General Choi came to NYC in the fall of 1977 for a political campaign--an anti Park campaign as usual. The location was at Master Kwang Duk Chung's TKD school on 34th Street--I remember clearly it was on 3rd floor. There were some college professors, former politicians, pro N. Korea and TKD masters, GM Suh Chong Kang (Tae Sun Kang's father, GM T.S Kang has a successful TKD school in downtown NYC today) and his followers (I was one of them), and GM Kang was Vice President of ITF then, and president of ATA. There were at least 8-9 TKD masters and I believe I was the youngest.
After the political meeting, Gen. Choi asked if anyone of us brought 'Do Bok'--I was the only one, and I still don't know why I said "I have it, Sir." He simply said "very good, now go and change"--I ran down to my beat up car, got my 'do bok'.

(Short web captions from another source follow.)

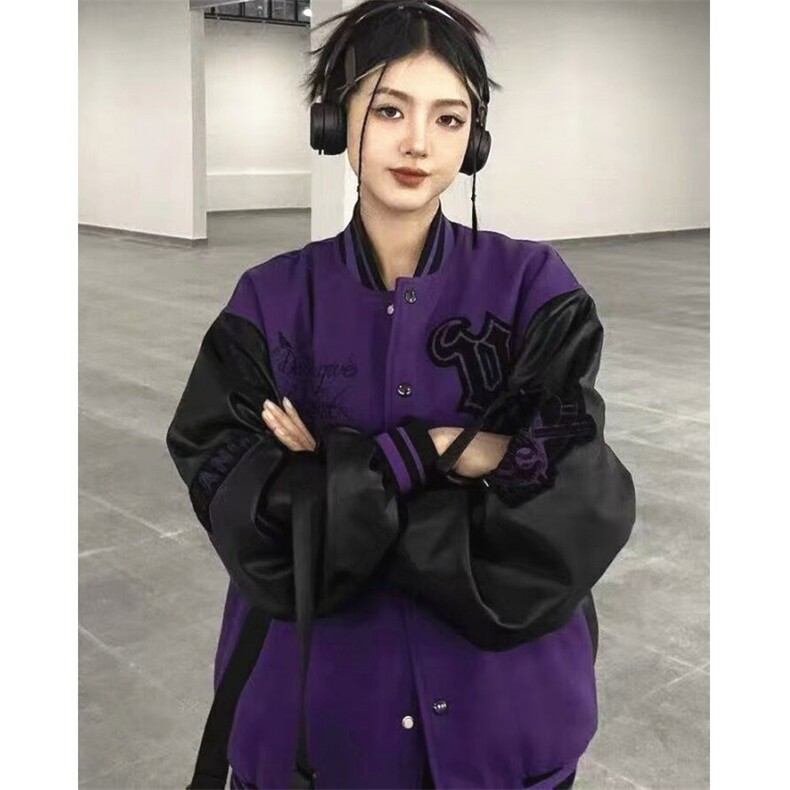 美式字母刺绣拼色棒球服外套男女宽松秋季新款高街夹克J1009，男装夹克，星座1116A（原606A-3）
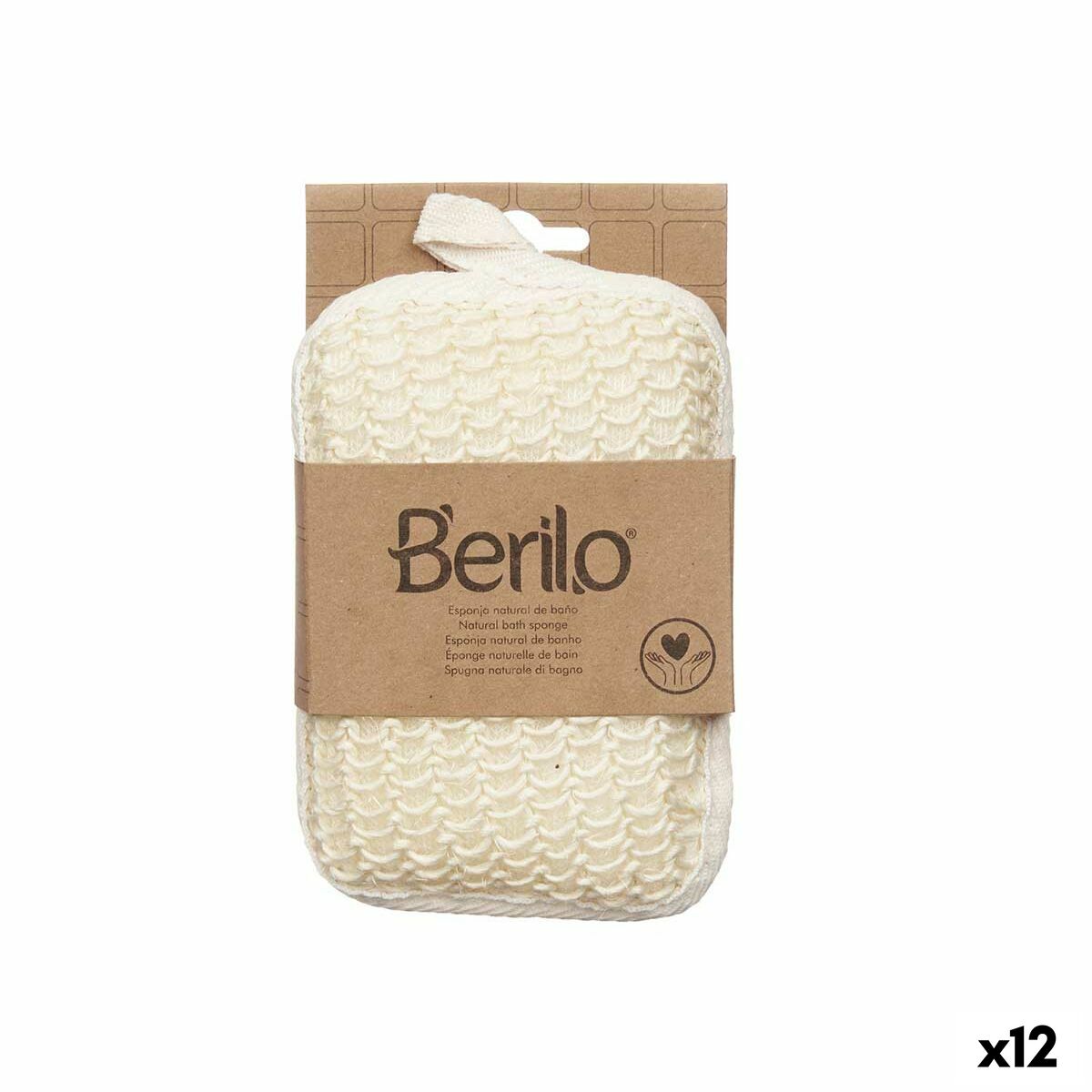 Body Sponge Berilo White Beige 11 x 16,5 x 3 cm (12 Units) product packaging
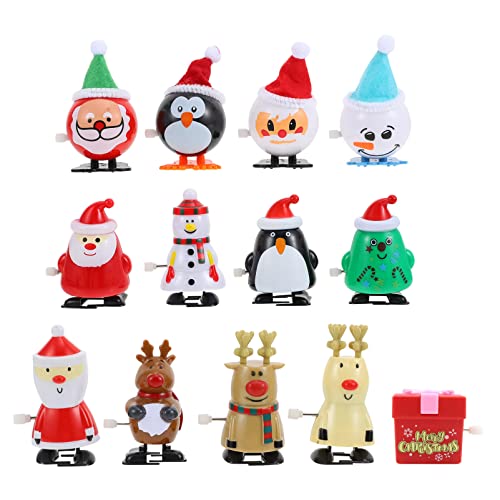 WOONEKY 13 Stücke Weihnachten Wehen Uhrwerk Spielzeug Mini Wind-up Spielzeug Weihnachtskind von WOONEKY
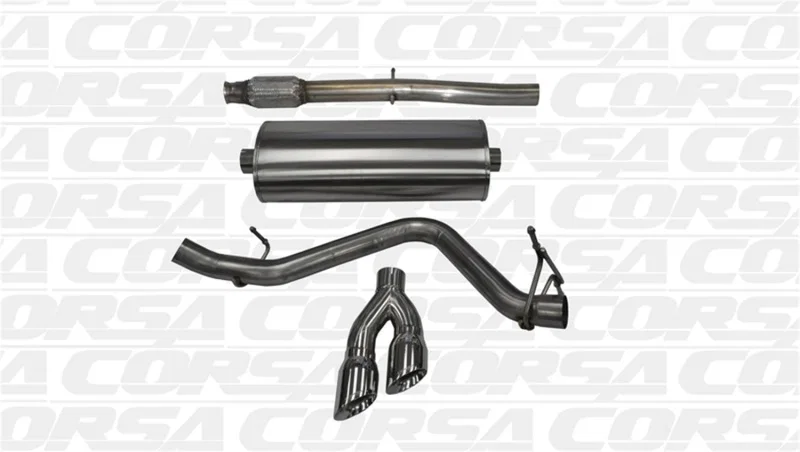 CORSA Performance 14873, 14-19 GMC Sierra/Chevy Silv 1500 Crew Cab/Short Bed 5.3L V8 Polished Sport Single Side CB Exh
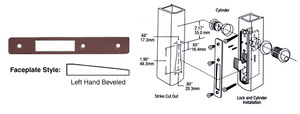 CRL Dark Bronze Left Hand Beveled Faceplate for DL2130 Series Hook Throw Deadlocks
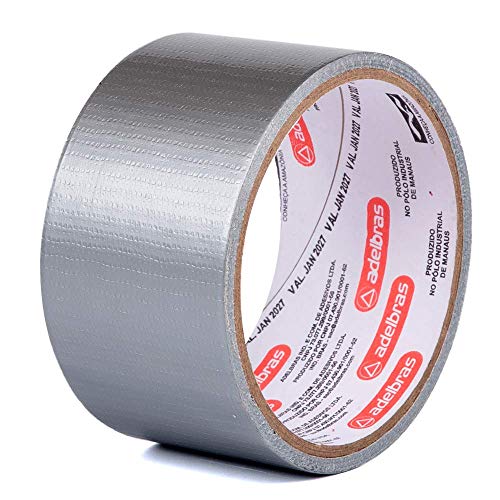 Adelbras Silver Tape Fita Adesiva Reforçada Multiuso de Tecido, Cinza, 48 mm x 5 m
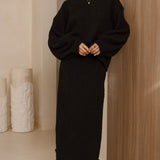 Cohen Triko Midi Etek - Siyah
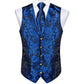 Luxury Blue Floral Silk Vest Set - Masculine Clothes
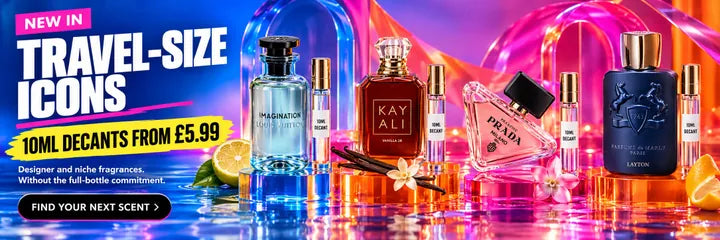 Travel-size icons — 10ml designer and niche fragrance decants from £5.99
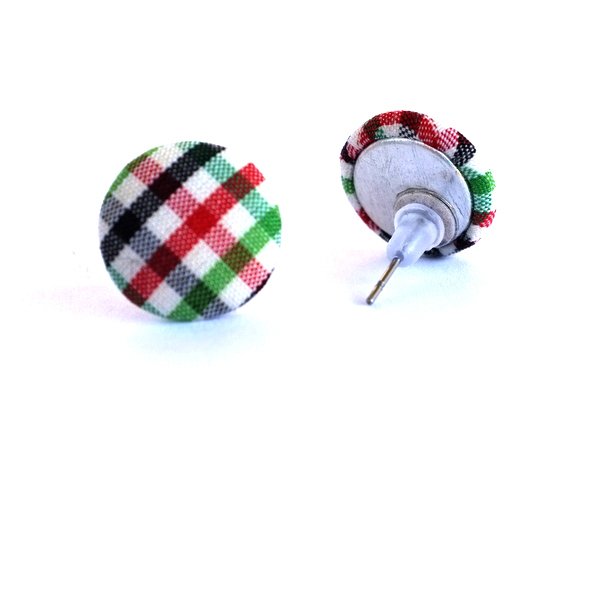 Υφασμάτινα Σκουλαρίκια Κουμπιά Πράσινο-Καρώ - ύφασμα, επάργυρα, καρφωτά, φθηνά - 2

Then he says, "do Chon Ji" and I think I did it very well. Gen. Choi responded with a smile, "very good, but you just did Karate" and he then taught all of us up to Won Hyo that evening and asked us to come again next day. Now I was confused, those days I thought I was pretty good in TKD, kind of reckless, too. But I did pride myself being very fast and strong, 5'8' 160 lbs, I wasn't afraid of anyone or anything. I didn't go home that night, instead came straight to my TKD school in Bergenfield NJ, and tried to prove that my method is better than what Gen. Choi just corrected me on. It took me about an hour and I realized breathing was extremely important; it made difference in power by moving slightly down at the strike. The next day I did patterns up to Choong Moo front of Gen. Choi, just as he told me to do. The rest is history.
That location on 34th Street is the very same place where Master Yang's TKD school is today.